Kentlerimizin yeşil alan ihtiyacı had safhada. Kentsel dönüşüm sadece binaları yenilemek olamaz. Belediyeler bütçelerinin bir bölümünü yeşil alanın olmadığı alanlardaki eski binaları satın alıp, kamusal alana dönüştürmeye ayırabilir. Kamunun yıkılan binalarını yeşille değiştirebilir. Çanakkale’de İskele Meydanı ve Cumhuriyet Meydanı böyle geliştirildi.

En önemli maddeyi en sona bıraktım. Kentleri güzelleştirmenin yolu korumadan geçiyor.
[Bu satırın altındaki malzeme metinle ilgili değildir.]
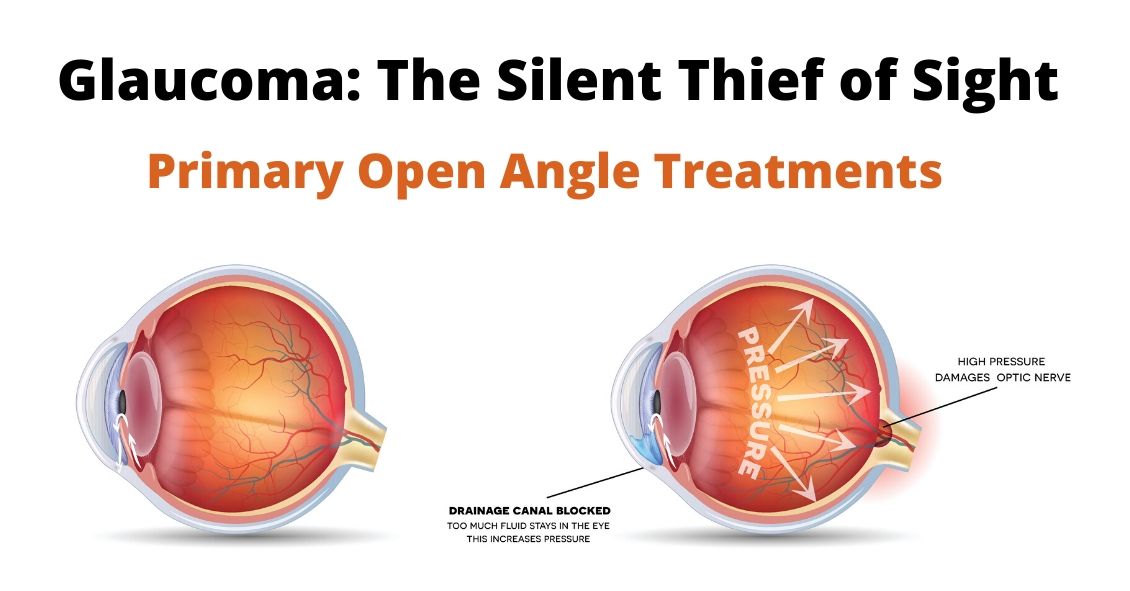 Primary Open Angle Glaucoma - La Verne Optometry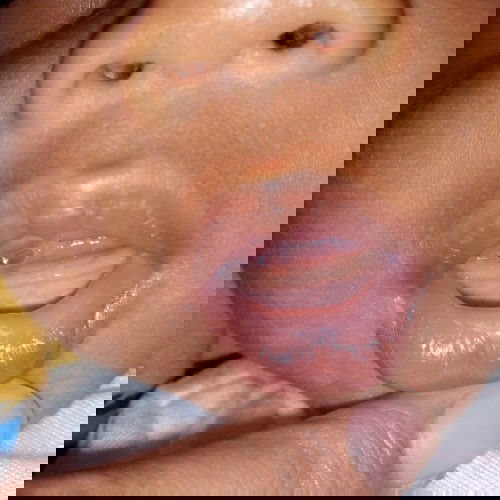 Teething at 7weeks old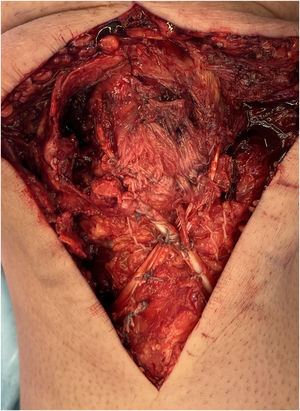 Aumentación realizada utilizando un autoinjerto (semitendinoso) pasando un lazo en forma de 8 a través del túnel transversal patelar, y en la tuberosidad tibial anterior utilizando la técnica descrita por Sundararajan et al.13.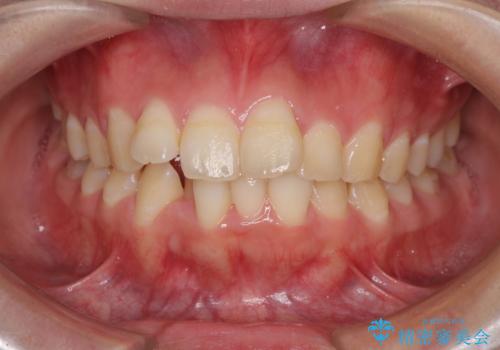 前歯の出っ歯と口の閉じにくさを抜歯矯正で改善　目立たないワイヤー矯正の症例 治療前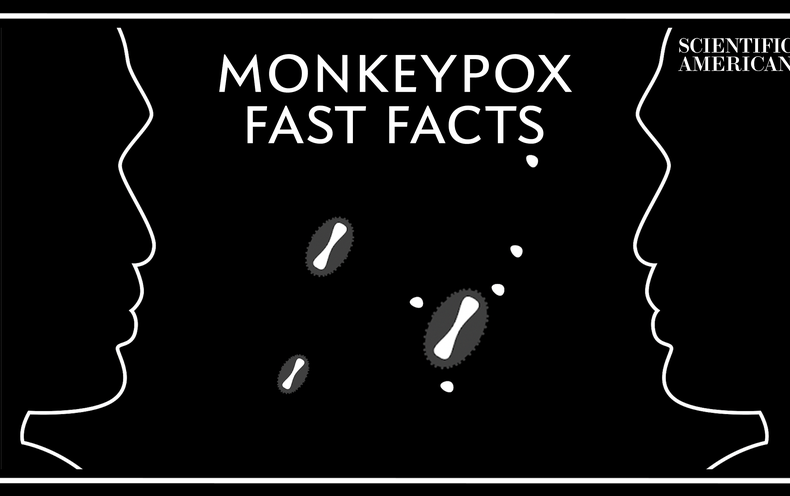 What We Know About Monkeypox 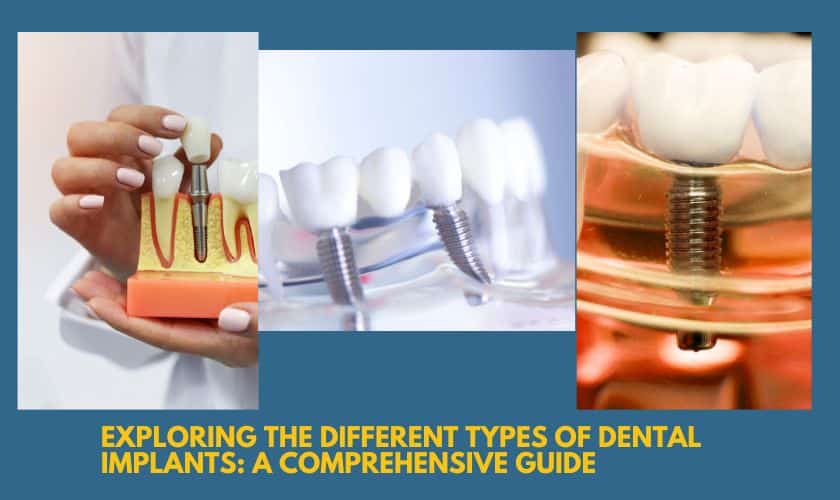 Exploring the Different Types of Dental Implants: A Comprehensive Guide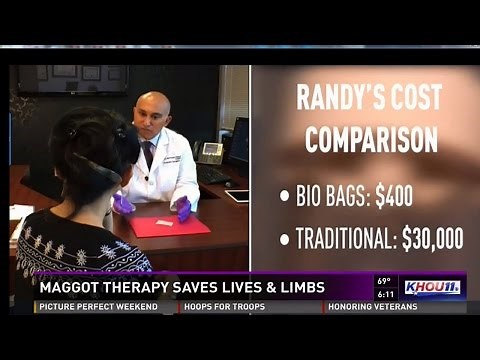 Maggot Therapy for Diabetes | Wound Care Treatment in Sugar Land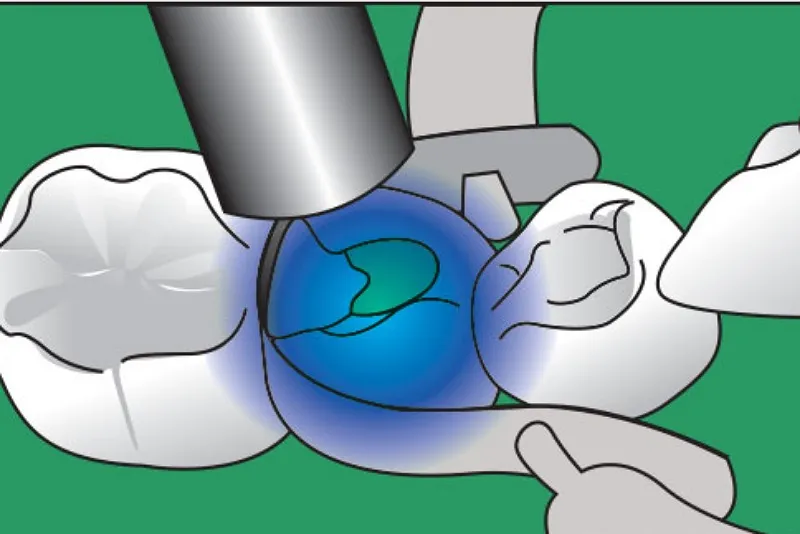 مشخصات فنی کامپوزیت میکروهیبرید Master Dent
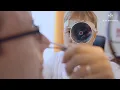 Nasal cautery with SILVERIN Silver Nitrate Sticks for recurrent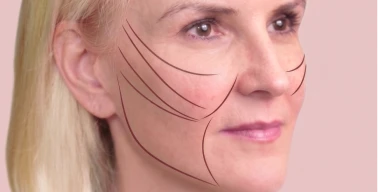 Close-up of woman’s face highlighting deep plane facelift areas overlay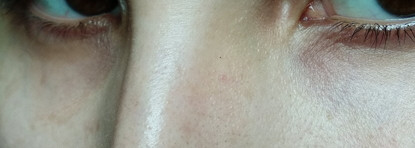 Secret KEY Hyaluron Soft Micro-Peel Toner - мощное увлажнение и кислоты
Seçeceğiniz belediye başkanı kentin dokusunu yok edecek, onu bina yığınına dönüştürecek “çılgın ya da manyak projelere” dur demeli. Kanal İstanbul’a karşı çıkmayandan İstanbul’a hayır gelmeyeceği gibi, termik santrala, kenti boğacak bir konut projesine itiraz etmeyen belediyeden de bir ilerleme beklenmez. Bu gibi projelerin önünü kesecek, işlerini zorlaştıracak ve sivil toplum örgütleriyle dirsek temasını sürekli kılacak belediye yönetimlerini sandıklardan çıkarmalıyız.